Student Union Food Court to Be Replaced with John C. Hitt-Themed Amusement Park

For the entirety of the 2017-2018 academic year, UCF has been renovating the Student Union under a shady veil of secrecy, claiming that they’re building “restaurants” and “places for students to relax,” but news has finally broke on what they’ve really been up to. Early Monday afternoon, the Stallion received leaked blueprints of the student union renovations from an anonymous informant, which entailed a full-sized John C. Hitt-themed roller coaster and a 150-foot water slide – both of which will be fit into the old food court area of the Union.

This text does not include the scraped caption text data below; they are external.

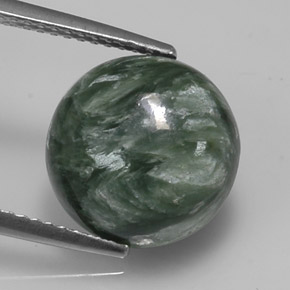5.09 ct Green Seraphinite Gemstone, Seraphinite Gem in Round Cabochon Shape for Sale.
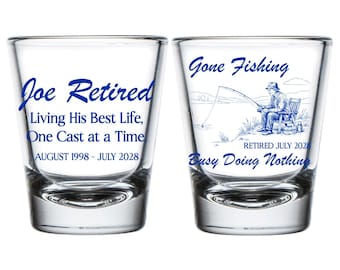 Vaso de chupito para jubilación "Ocupado sin hacer nada", recuerdo personalizado para fiesta de jubilación, recuerdos personalizados para fiestas de jubilación (66)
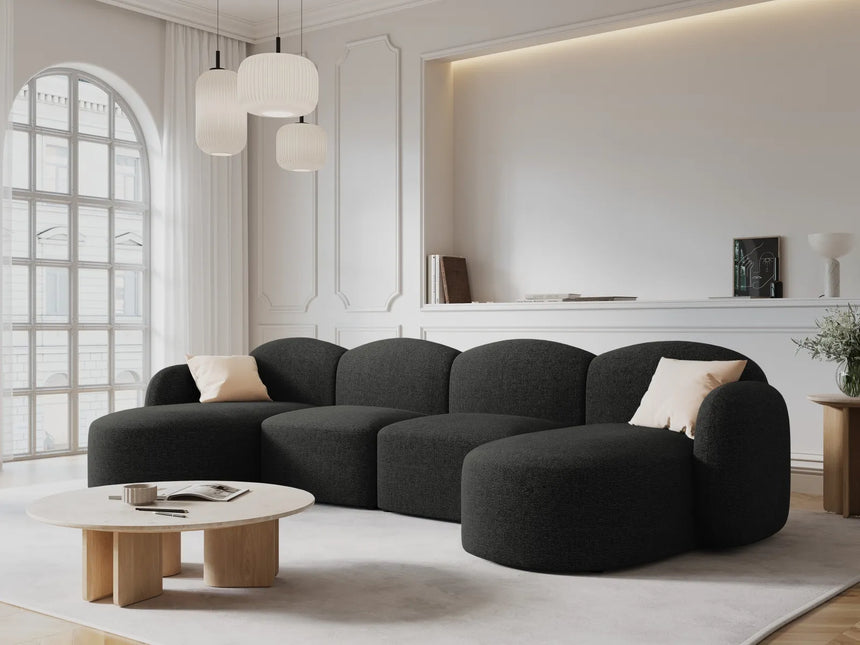 Blair 6-Sitzer Panorama-Sofa mit Bezug aus Chenille (Leg19) in Black Melange, 354x167 cm – Bild 2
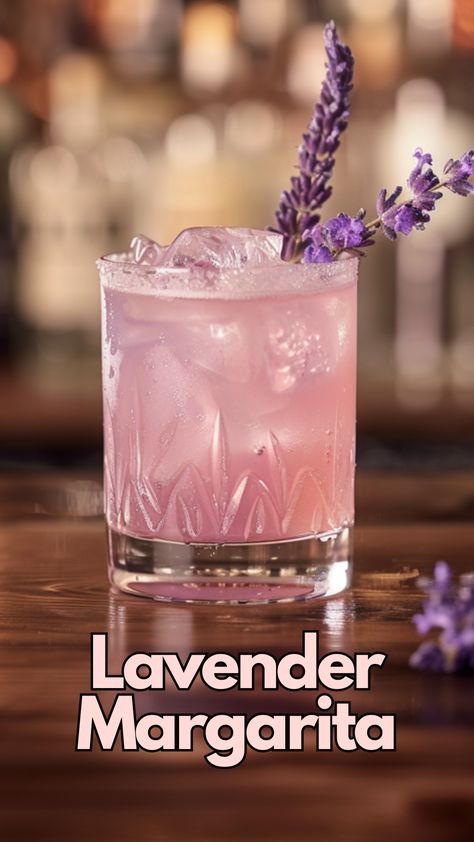 Lavender Margarita Lavender Margarita, Pina Coladas, Lavender Recipes, Lavender Syrup, Orange Liqueur, Cocktail Ideas, Yummy Alcoholic Drinks, Summertime Drinks, Margarita Cocktail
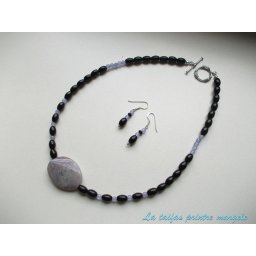 Set colier şi cercei din onix şi agat lila
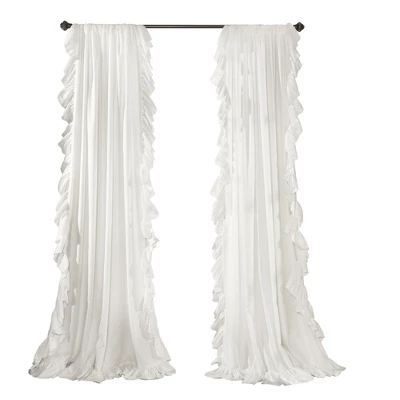Home Boutique Reyna Window Curtain Panels Pure White 54x120 Set - Image 5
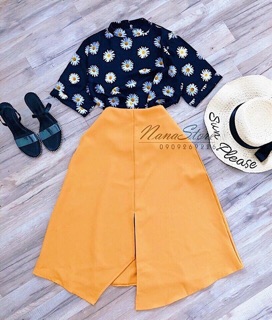 SET ÁO HOA KÈM CHÂN VÁY VÀNG (ẢNH THẬT CUỐI)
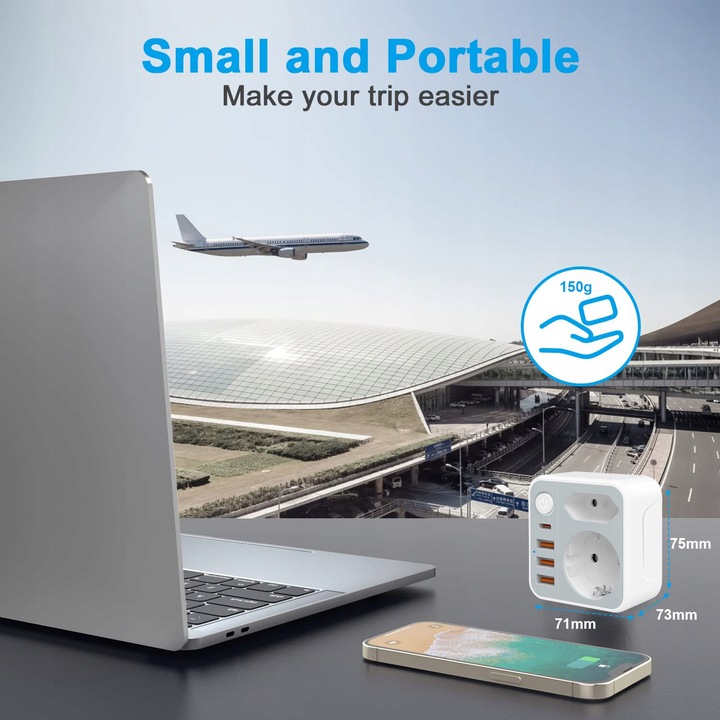 ŁADOWARKA TYP G Adapter podróżny 3USB+1USB-C, UK WTYCZKA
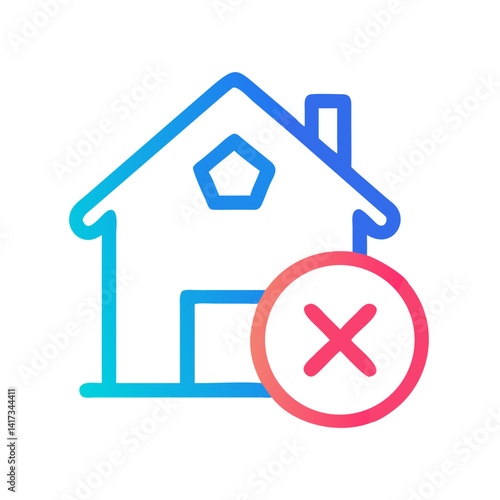 Home with X Icon Representing System Error and Inaccessible Residential Interface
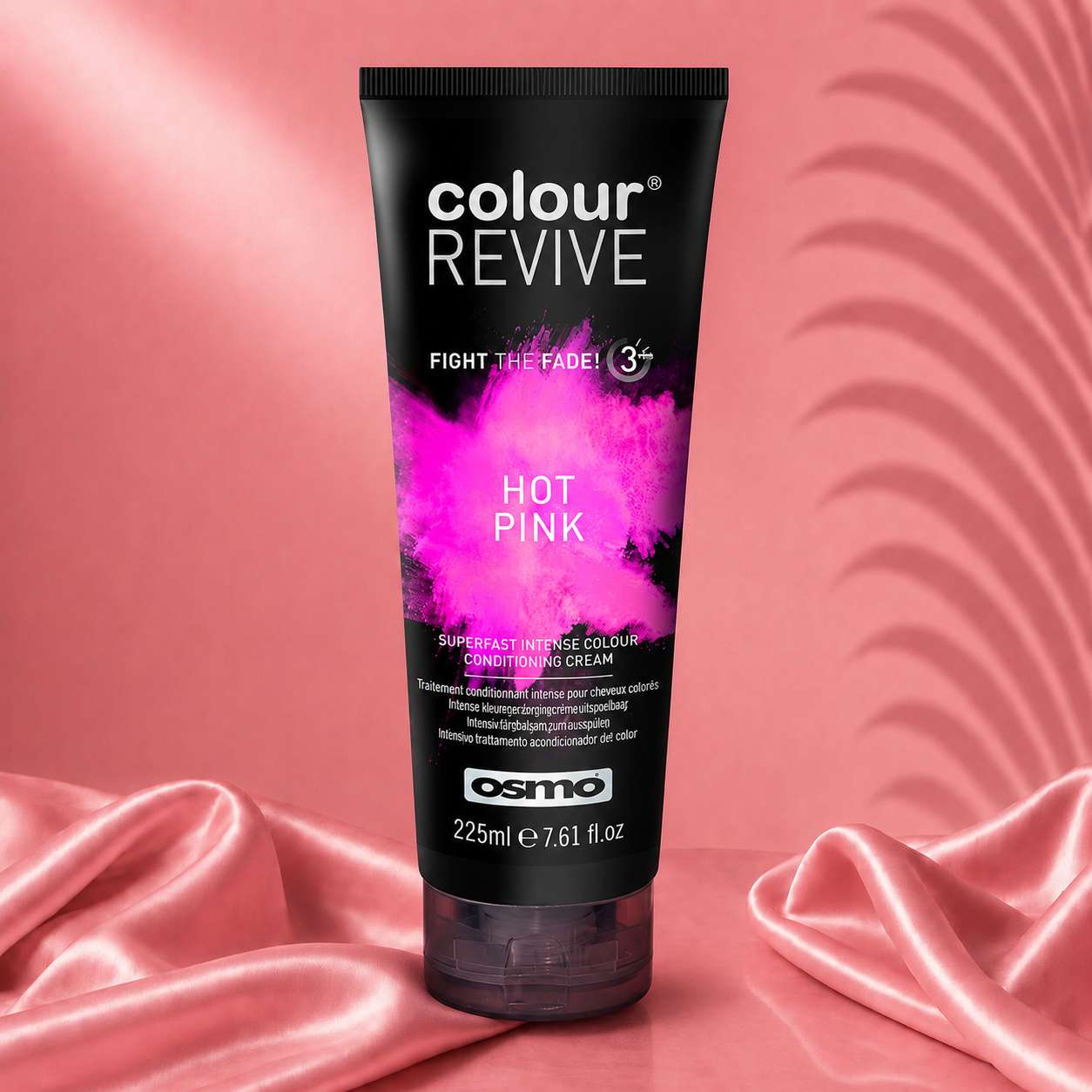 Osmo Ds Hair By Dalia Colour Revive Mask Ritual in vibrant hot pink, showcasing the rich, colorful hair mask product.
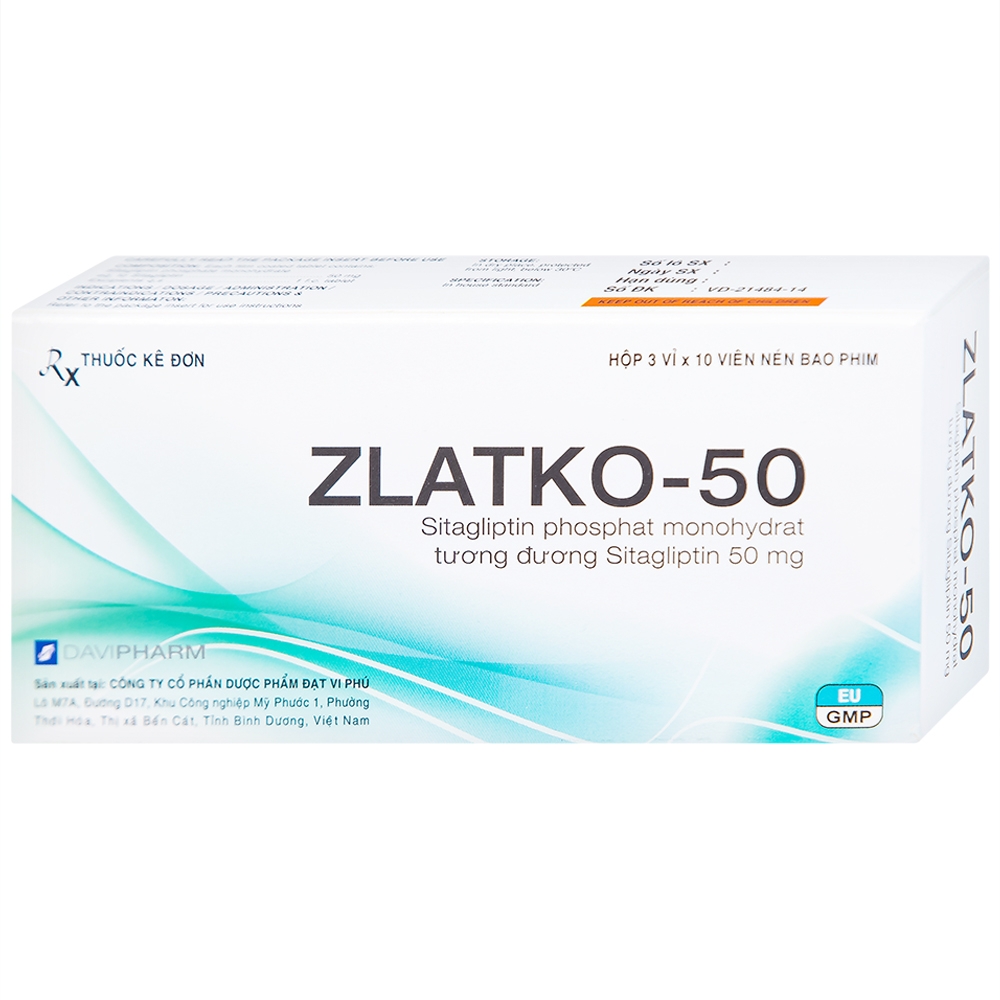 Hình ảnh Thuốc Zlatko-50 DaviPharm điều trị đái tháo đường típ 2 (3 vỉ x 10 viên)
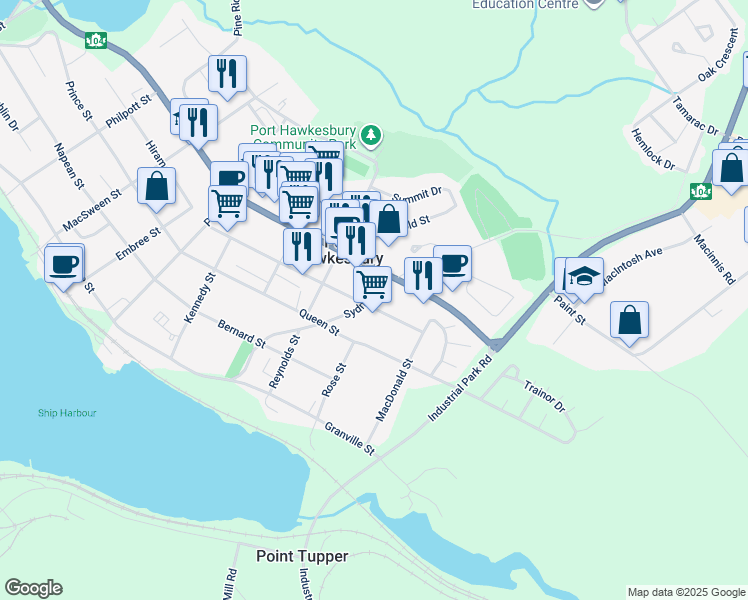 map of restaurants, bars, coffee shops, grocery stores, and more near 302 Sydney Road in Port Hawkesbury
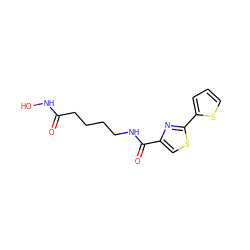 O=C(CCCCNC(=O)c1csc(-c2cccs2)n1)NO ZINC000147351188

“Well shucks, I just wanted a fun surprise for the whole university to enjoy, but you had to go and ruin it,” commented Papa Hitt when he learned about the Stallion’s plans to publish the story. “Now I guess people are just going to have to find out through your second-rate publication. I hope you’re happy.”

Upon hearing the news of the Student Union’s John C. Hitt World, the students we spoke with had mixed responses. Junior Caroline Hobson said, “It makes sense that they’re building an amusement park in there, that’s probably why it’s taking so damn long,” while freshman Alec McFall said, “It’s definitely not physically possible for them to fit an amusement park in the food court.”

The Stallion’s informant from the construction team added that they had only completed the demolition phase of the renovation and were still trying to figure out how to fit a 150-foot water slide into 40 cubic feet. “We told [Papa Hitt] on several occasions that there’s no way we could fit everything he wants into such a small part of the Union,” our informant said. “But he insisted; he told us to either fit the amusement park in there or just wait until we figure out how to do it.” The Stallion’s informant went on to tell us that even though they aren’t building anything, the renovation team still has to show up to work every day.

Early estimates of the renovation completion place the Student Union’s reopening in late 2025, when Doctor Who-like bigger-on-the-inside technology may be available. In the meantime, to provide the students with adequate space to gather and socialize, two additional Domino’s restaurants will be opened on campus.